▶ **What this task involves**: From the first line to the last, transcribe the data exactly and skip the pictures.

▶ **Data section**:

---

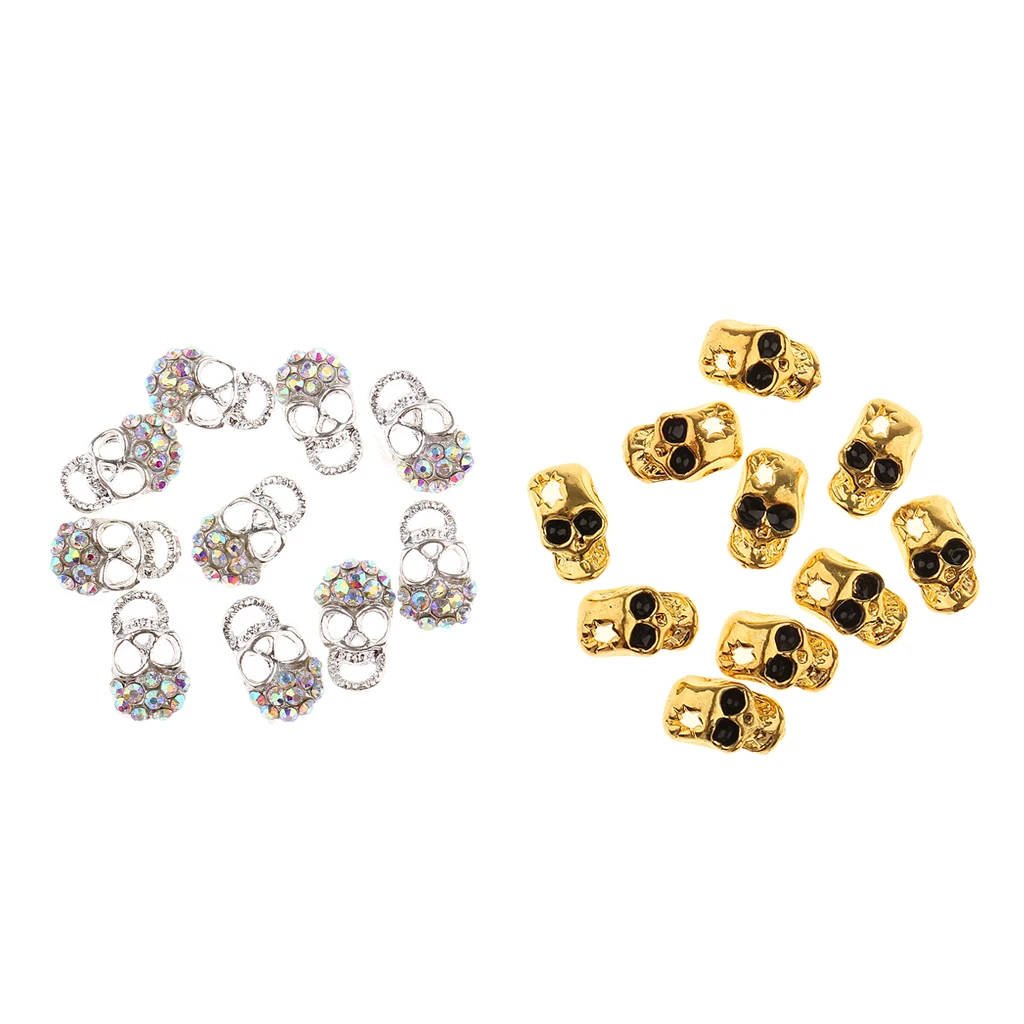 10x Skull Alloy 3D Rhinestone Crystal Nail Tips Stickers Metal Skull Glitter Nail Art Decoration Jewelry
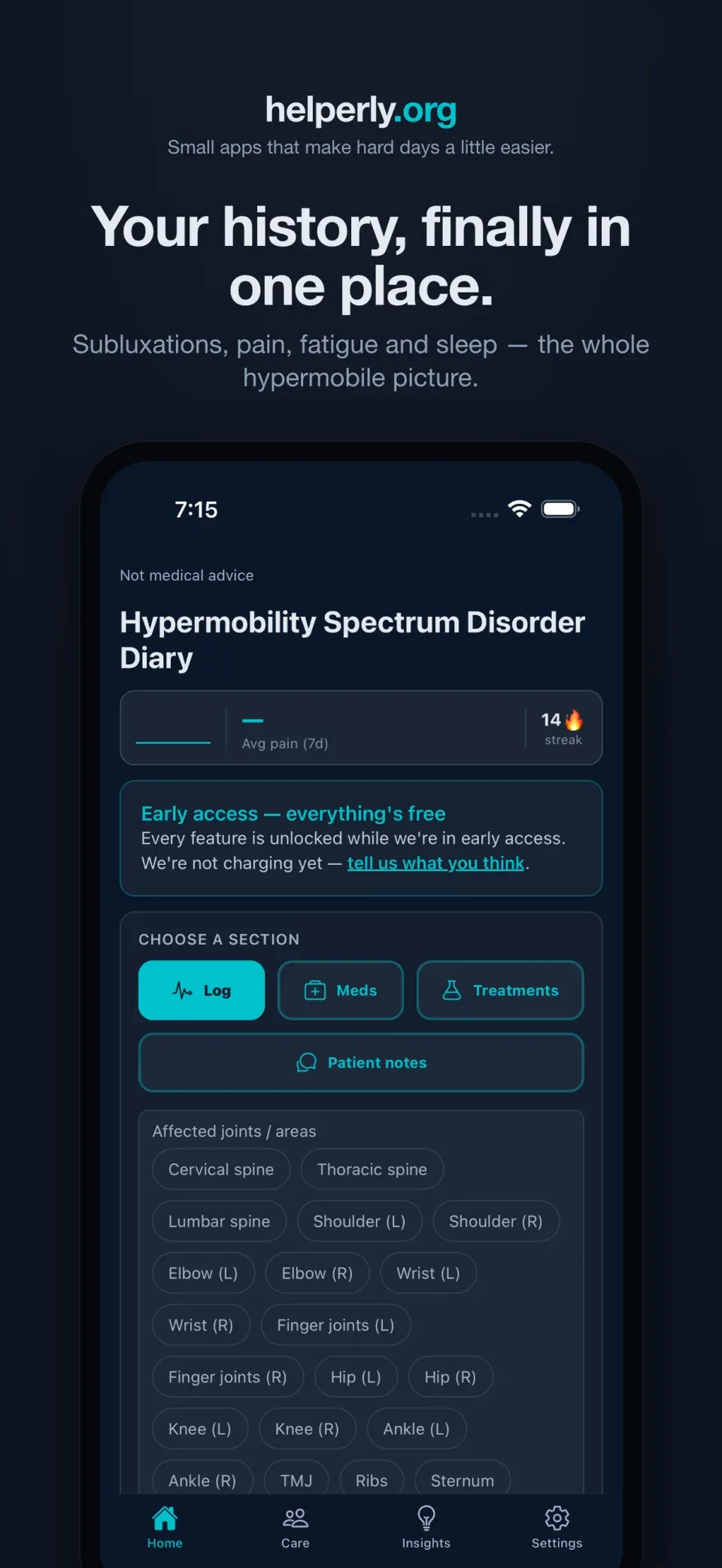 iPhone showing the Hypermobility Spectrum app home screen on a dark helperly.org panel.
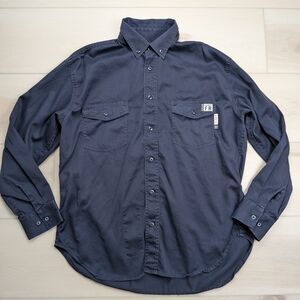 Wolverine FR Flame Resistant Shirt Mens XL Blue Long Sleeve HRC 2 Workwear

---

▶ **Final answer**:
 10x Skull Alloy 3D Rhinestone Crystal Nail Tips Stickers Metal Skull Glitter Nail Art Decoration Jewelry
 iPhone showing the Hypermobility Spectrum app home screen on a dark helperly.org panel.
 Wolverine FR Flame Resistant Shirt Mens XL Blue Long Sleeve HRC 2 Workwear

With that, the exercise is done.